The boat in which they rowed to shore was loaded to the water’s edge — it had been full enough on its way to the ship, but now it held the Admiral and his squire and Rich in addition. Rich was crowded in the bow, wedged so tight that he could not even turn his head to see the approaching shore as the boat moved sluggishly over the little waves, so different from the big rollers outside. He could make a guess at the point under consideration — some heretic had been detected and was about to make solemn recantation. He would lose his goods and would vanish into the dungeons of the Inquisition.
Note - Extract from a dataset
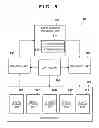 Fig. 06 - Information processing apparatus, information processing method, and storage medium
Certainly it was a matter in which he could not interfere, nor would he if he could.

 

The boat took the ground with a jerk — it was strange that no pier had as yet been built — and Rich swung himself, with the others, over the side. He might perhaps have stayed and kept his feet dry, as did the Admiral and the
Adelantado
and the Dominican, but he judged that it might be better if he remained inconspicuous. He splashed ashore — the Indian woman, her cloak held high, beside him. She gabbled something to him, hastily.

 

“I beg your pardon?” he asked.

 

The queer Spanish which she spoke suddenly took shape as she repeated herself.

 

“Save them, sir. Please try to save them.”

 

There was a frightful anxiety in her face as she spoke — her features were working with the stress of her emotion.

 

“I will try,” said Rich, cautiously, and puzzled.

 

“Try. Speak to
him
. Speak to the Admiral.”

 

Next moment her face had resumed its earlier animated interest, and she was smiling at the
Adelantado
as he stepped out of the boat.

 

“This is where the pier will be built,” said the
Adelantado
to his brother.

 

“I expected to find it built already,” said the Admiral in a tone of mild expostulation.

 

“It would have been, if the lazy dogs of Indians would only work. But they would sooner die. I have seen them die under my very eyes, in the quarries, sooner than labor. It was all I could do to get in the quotas of gold and cotton and build the church and the citadel. We put a hundred corpses a week into the sea, even before the present troubles began.”